Directions => Go through the entries below and pick out every line with "yellow".

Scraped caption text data
Start of Block

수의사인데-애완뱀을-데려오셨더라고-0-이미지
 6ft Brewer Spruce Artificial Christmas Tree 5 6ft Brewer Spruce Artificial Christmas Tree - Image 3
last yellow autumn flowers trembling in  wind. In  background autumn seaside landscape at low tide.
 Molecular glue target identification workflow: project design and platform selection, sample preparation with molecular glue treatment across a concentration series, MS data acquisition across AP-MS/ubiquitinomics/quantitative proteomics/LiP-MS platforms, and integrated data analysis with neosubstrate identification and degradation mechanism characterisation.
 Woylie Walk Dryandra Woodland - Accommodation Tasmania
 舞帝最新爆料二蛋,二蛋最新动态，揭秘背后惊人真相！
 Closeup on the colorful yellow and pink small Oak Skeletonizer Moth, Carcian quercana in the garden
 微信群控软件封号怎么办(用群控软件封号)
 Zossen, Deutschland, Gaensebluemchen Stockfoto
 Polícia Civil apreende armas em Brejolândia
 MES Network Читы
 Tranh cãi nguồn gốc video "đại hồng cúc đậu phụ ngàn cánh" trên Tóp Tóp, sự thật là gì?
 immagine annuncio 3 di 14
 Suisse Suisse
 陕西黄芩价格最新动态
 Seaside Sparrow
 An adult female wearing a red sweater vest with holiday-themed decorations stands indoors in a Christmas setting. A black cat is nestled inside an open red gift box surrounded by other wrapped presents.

End of Block

Exercise output =>
last yellow autumn flowers trembling in  wind. In  background autumn seaside landscape at low tide.
 Closeup on the colorful yellow and pink small Oak Skeletonizer Moth, Carcian quercana in the garden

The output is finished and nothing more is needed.